If you haven’t read the first book in the series then I would point out that it’s not essential to do so before picking up Looking Glass.  So far the books have been self contained stories in their own right.  However, why deny yourself the pleasure of picking up The Naturalist, it’s so good and also you’ll have a better understanding of Prof Cray if you’ve read the first book.  Basically, Cray is one smart individual.  He’s not a detective and doesn’t work for the police or in an investigative field.  He studies scientific data and has come up with a model for predicting patterns.  Having come to the notice of the authorities in the first book he is now working in an advisory capacity on covert operations.  That is until he’s approached by a distraught parent wanting answers about his son who went missing some years ago.  Theo reluctantly agrees to look at the case, let’s be honest, all the clues have long since gone cold, and yet once again he’s able to make use of not only his above average intellect but his ability to think differently.  I would say ‘outside the box’ but that’s a conventional phrase and there’s nothing conventional about Professor Cray.

I’m not going to discuss the plot other than to say that Theo will once again be on the trail of a serial killer, a killer who seems to be obscured by urban myth and is known as the Toy Man.

Once again Theo seems to be searching through the seedy underbelly of society and not only is this a dangerous endeavour bringing him to the attention of gangsters and hidden bureaus but potentially means his life is in serious danger.  He’s rattling a cage here that could release some serious monsters.

For me personally the real draw of these books is Theo.  In some ways this series and Theo himself remind me of Sherlock Holmes.  To be clear, these stories are nothing like Conan Doyle’s stories, nor is Theo a detective.  I hesitate to use the term because of it’s negative connotations but really he’s a vigilante – at least that’s what he would be called by the general populace of the world in which he lives.  In real terms Theo is simply someone who is relentless when he has a problem to solve.  He can’t let it go.  Like Holmes he works things out in a methodical way and similar to that famous detective I would say he has ‘issues’ in connecting with other people.  In Theo’s case this means he has an ability to think differently, to examine data for what it is, what it means and what it says.  It makes him a fascinating character to read about.  Part of the thrill of Holmes was listening to his theories, how he’d figured something out and this is a very strong part of the enjoyment, for me anyway, with these stories.

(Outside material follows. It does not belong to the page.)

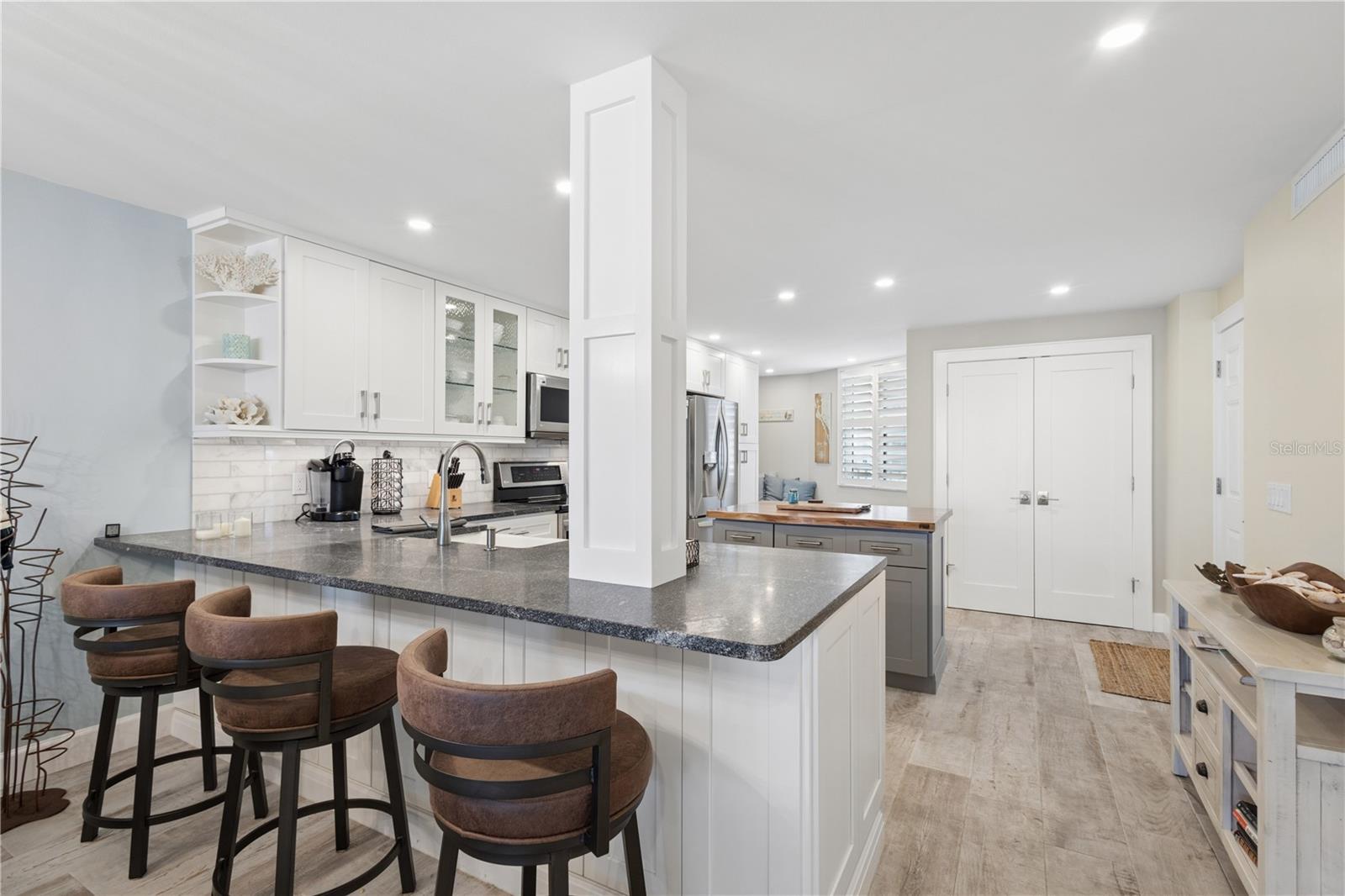 5880 MIDNIGHT PASS RD #704, SARASOTA, FL, 34242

As you would expect with a second in series the main character has grown.  When we first met Theo he was totally absorbed by his work and statistics.  He had very little interaction with others and his scientific work took up all his time.  His exploits in the first book unfortunately cast him in a rather poor light in terms of his academic peers and his work as a tutor and scientist have crashed.  That being said he’s kept busy.  In this book we find a slightly more savvy character.  Theo has learnt a few things through his near death experiences.  That’s not to say that he won’t still put himself in harm’s way – just that he will reflect on his actions before he does so.  Some of his exploits, well, they had me on the edge of my seat.

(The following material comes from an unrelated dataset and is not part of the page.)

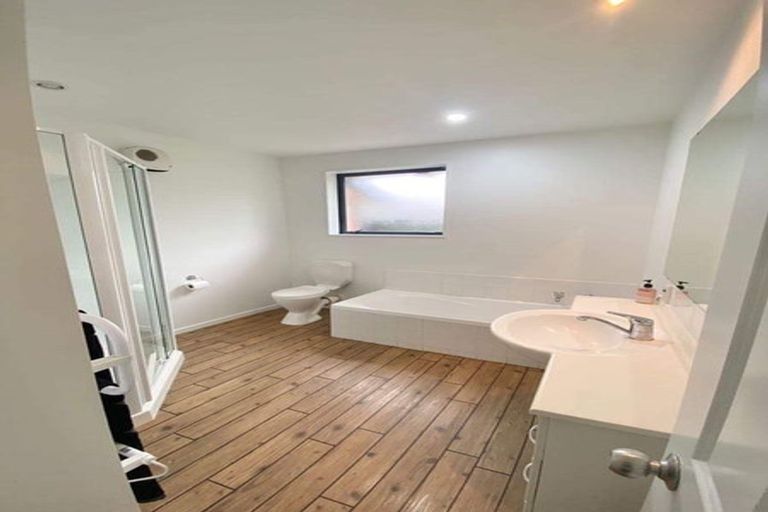 Photo of property in 25a Norwood Street, Beckenham, Christchurch, 8023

I don’t think there’s too much more I can say really without spoiling the potential for surprise.  Basically, if you want to read an intelligent, thought provoking, well written and gripping series, a series about serial killers, a series about detecting that isn’t a detective novel, then here you go.  This is a thrilling ride.  It’s dark.  It’s a little over the top, it’s original and totally, absolutely ridiculously addictive.  If you pick this up, prepare for total absorption, you can’t get off in the middle of a roller coaster ride after all.

In case you haven’t guessed, I loved this and can’t recommend it enough.